Soprano TTS License PyTorch

image

soprano_tts_00007.wav

Features

  • Ultra-Fast: ~100-200x real-time generation
  • High-Fidelity: 32kHz crystal-clear audio
  • Lightweight: <1GB VRAM usage, 80M parameters
  • All-in-One: Integrated saving and playback with autoplay
  • ComfyUI Integration: Full memory management & interrupt support
  • Easy Installation: Works with PyTorch 2.5.1 (no ComfyUI breakage!)

Quick Start

Installation

# 1. Navigate to ComfyUI and activate your Python environment
cd /path/to/ComfyUI
source venv/bin/activate  # Linux/Mac
# venv\Scripts\activate   # Windows

# 2. Install soprano-tts WITHOUT dependencies (critical!)
pip install soprano-tts --no-deps

# 3. Install required dependency
pip install unidecode

# 4. Restart ComfyUI

That's it! The node uses transformers backend (scipy and transformers already in ComfyUI).

Usage

  1. Add "Soprano TTS" node (audio/generation category)
  2. Enter text to synthesize
  3. Run workflow — audio plays automatically!
  4. (Optional) Connect audio output to other nodes for further processing

First run: Downloads model (~500MB) from HuggingFace, takes ~30 seconds, then cached.

Node Parameters

Generation Settings

Parameter Type Default Description
text STRING - Text to convert to speech (2-15 sec sentences work best)
temperature FLOAT 0.3 Lower = consistent, higher = varied (0.0-2.0)
top_p FLOAT 0.95 Nucleus sampling threshold (0.0-1.0)
repetition_penalty FLOAT 1.2 Reduces repetition (1.0-2.0)
seed INT -1 Change to force regeneration (ComfyUI caching)
keep_model_loaded BOOLEAN False Keep in VRAM for faster subsequent runs

Audio Output Settings

Parameter Type Default Description
filename_prefix STRING audio/soprano_tts Path/prefix for saved files
format ENUM wav Output format: wav, mp3, flac, ogg
bitrate ENUM 320k Bitrate for mp3/ogg: 128k, 192k, 256k, 320k, VBR
save BOOLEAN True Save to output folder (False = temp/preview only)
autoplay BOOLEAN True Auto-play audio in the UI when generated

Output

  • audio (AUDIO): 32kHz waveform compatible with ComfyUI audio nodes
  • Built-in player: Audio plays directly in the node (with autoplay option)
  • Auto-save: Files saved to ComfyUI/output/audio/ with counters

Tips for Best Results

DO:

  • Use sentences 2-15 seconds long
  • Convert numbers to words ("1+1" → "one plus one")
  • Use proper grammar and contractions
  • Regenerate (change seed) if result isn't perfect

DON'T:

  • Use very long or very short sentences
  • Include special characters (%, #, @, etc.)
  • Use all caps or improper grammar
  • Expect identical output each time (uses sampling)

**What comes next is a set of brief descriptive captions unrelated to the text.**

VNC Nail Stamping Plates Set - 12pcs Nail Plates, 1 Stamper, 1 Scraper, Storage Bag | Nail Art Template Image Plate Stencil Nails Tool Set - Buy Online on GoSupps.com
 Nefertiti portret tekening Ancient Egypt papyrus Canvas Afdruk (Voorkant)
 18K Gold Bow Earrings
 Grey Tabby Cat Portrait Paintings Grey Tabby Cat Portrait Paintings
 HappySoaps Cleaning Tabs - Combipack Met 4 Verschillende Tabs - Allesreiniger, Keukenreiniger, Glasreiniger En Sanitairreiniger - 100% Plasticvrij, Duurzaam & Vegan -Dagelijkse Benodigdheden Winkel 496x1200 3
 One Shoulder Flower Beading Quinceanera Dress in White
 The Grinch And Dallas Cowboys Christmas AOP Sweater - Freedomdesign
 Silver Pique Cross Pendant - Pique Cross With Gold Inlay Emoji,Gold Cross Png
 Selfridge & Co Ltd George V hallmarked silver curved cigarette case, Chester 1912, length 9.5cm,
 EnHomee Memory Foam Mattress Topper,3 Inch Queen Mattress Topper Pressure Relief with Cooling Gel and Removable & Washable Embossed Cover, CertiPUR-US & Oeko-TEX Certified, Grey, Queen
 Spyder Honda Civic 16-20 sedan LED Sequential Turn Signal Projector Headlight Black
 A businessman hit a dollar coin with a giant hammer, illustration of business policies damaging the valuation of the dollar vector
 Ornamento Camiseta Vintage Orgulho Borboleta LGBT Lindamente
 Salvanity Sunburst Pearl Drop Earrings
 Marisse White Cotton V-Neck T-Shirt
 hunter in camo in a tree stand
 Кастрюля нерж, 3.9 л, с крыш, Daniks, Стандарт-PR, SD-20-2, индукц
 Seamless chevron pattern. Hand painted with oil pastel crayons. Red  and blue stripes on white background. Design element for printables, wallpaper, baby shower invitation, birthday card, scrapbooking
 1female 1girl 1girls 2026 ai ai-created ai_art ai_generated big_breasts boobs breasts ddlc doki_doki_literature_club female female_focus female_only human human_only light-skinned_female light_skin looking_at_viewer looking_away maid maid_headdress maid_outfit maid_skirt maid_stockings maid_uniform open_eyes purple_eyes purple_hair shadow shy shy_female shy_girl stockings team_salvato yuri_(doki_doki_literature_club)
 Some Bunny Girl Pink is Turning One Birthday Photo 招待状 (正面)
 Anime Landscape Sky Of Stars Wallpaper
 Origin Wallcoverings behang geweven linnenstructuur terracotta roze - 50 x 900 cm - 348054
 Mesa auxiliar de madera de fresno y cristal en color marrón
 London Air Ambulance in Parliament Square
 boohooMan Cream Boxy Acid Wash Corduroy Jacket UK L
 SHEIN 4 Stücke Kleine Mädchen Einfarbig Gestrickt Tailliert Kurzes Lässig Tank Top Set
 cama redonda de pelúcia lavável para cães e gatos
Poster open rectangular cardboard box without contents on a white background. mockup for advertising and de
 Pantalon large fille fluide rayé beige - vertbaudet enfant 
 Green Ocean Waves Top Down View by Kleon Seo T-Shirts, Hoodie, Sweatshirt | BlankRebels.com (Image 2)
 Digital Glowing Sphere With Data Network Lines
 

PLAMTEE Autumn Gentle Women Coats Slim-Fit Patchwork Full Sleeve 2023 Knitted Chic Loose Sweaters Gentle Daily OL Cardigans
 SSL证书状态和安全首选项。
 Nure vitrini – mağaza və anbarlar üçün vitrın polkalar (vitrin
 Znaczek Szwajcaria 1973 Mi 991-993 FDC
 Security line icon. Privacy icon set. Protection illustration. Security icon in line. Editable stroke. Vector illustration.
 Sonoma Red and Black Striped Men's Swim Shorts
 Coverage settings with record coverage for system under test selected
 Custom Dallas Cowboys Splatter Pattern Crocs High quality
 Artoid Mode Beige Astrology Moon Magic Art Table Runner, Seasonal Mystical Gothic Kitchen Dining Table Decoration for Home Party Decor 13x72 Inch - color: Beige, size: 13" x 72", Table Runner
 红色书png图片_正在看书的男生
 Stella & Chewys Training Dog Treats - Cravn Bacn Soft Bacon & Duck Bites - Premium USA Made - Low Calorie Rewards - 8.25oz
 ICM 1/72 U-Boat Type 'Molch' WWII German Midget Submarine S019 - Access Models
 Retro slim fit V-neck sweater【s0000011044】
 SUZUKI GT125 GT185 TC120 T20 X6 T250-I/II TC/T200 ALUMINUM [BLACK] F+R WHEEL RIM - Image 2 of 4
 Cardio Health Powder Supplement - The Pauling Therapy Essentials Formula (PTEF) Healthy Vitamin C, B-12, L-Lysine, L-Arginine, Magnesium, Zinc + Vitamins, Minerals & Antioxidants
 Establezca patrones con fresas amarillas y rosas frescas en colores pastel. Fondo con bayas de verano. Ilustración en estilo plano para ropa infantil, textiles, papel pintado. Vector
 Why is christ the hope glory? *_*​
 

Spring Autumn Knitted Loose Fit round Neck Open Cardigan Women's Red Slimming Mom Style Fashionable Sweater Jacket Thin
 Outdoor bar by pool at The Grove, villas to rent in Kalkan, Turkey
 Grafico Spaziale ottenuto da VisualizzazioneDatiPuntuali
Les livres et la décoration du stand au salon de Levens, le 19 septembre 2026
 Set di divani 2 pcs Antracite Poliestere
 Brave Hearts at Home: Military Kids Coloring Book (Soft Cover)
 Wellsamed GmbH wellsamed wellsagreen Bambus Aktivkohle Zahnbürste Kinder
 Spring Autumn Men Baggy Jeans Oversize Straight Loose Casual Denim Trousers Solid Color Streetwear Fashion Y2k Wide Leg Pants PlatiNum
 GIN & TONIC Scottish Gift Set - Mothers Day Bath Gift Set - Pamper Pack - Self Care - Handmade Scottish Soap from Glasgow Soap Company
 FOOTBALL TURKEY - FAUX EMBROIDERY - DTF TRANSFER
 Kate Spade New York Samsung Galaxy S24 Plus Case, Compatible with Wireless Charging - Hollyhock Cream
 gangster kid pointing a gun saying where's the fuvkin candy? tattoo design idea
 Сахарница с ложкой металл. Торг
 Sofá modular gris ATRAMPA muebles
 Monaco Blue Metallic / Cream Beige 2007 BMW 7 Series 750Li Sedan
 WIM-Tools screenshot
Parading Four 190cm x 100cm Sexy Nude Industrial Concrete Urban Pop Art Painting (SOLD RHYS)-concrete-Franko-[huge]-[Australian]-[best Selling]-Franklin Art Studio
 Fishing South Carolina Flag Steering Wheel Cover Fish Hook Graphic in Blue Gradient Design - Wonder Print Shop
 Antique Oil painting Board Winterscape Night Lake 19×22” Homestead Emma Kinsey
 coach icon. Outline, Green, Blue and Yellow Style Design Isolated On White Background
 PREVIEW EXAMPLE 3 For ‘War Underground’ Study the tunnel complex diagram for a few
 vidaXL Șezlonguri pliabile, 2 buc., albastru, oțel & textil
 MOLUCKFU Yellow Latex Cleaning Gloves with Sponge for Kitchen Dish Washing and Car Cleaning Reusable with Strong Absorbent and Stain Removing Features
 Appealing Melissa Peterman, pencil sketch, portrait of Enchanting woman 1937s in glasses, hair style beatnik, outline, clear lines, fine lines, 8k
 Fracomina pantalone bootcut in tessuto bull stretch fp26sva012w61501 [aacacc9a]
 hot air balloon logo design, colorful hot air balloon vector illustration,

Why --no-deps Installation?

The Problem: Soprano TTS officially requires PyTorch 2.8+, but ComfyUI uses PyTorch 2.5.1. Installing normally upgrades PyTorch and breaks ComfyUI with errors like:

ImportError: undefined symbol: ncclMemFree

The Solution: Install with --no-deps to skip the problematic lmdeploy dependency. Soprano automatically falls back to the transformers backend, which works perfectly with PyTorch 2.5.1!

Backend Speed PyTorch Status
lmdeploy ~2000x real-time 2.8.0+ ❌ Breaks ComfyUI
transformers ~100-200x real-time 2.5.1+ ✅ Works!

Even at 100-200x, generating 10 seconds of audio takes less than 1 second!

Troubleshooting

"No module named 'soprano'"

pip install soprano-tts --no-deps
pip install unidecode

ComfyUI won't start after installing

Your PyTorch got upgraded accidentally. Fix it:

# Remove conflicting packages
pip uninstall -y lmdeploy torch triton

# Reinstall correct PyTorch for ComfyUI
pip install torch==2.5.1 torchvision==0.20.1 torchaudio==2.5.1 \
  --extra-index-url https://download.pytorch.org/whl/cu121
pip install xformers==0.0.29.post1

Model download fails

  • Check internet connection and HuggingFace access
  • Need ~500MB free disk space
  • Ensure huggingface-hub is installed: pip install huggingface-hub

Poor audio quality

  • Lower temperature (try 0.2)
  • Convert numbers/symbols to words
  • Ensure sentences are 2-15 seconds
  • Regenerate with different seed

Node not appearing in ComfyUI

  • Restart ComfyUI completely
  • Check console for loading errors
  • Run test: python test_compat.py

Test Your Installation

cd /path/to/ComfyUI/custom_nodes/ComfyUI-Soprano-TTS
python test_compat.py

Should output: ✅ ALL TESTS PASSED! Soprano TTS should work!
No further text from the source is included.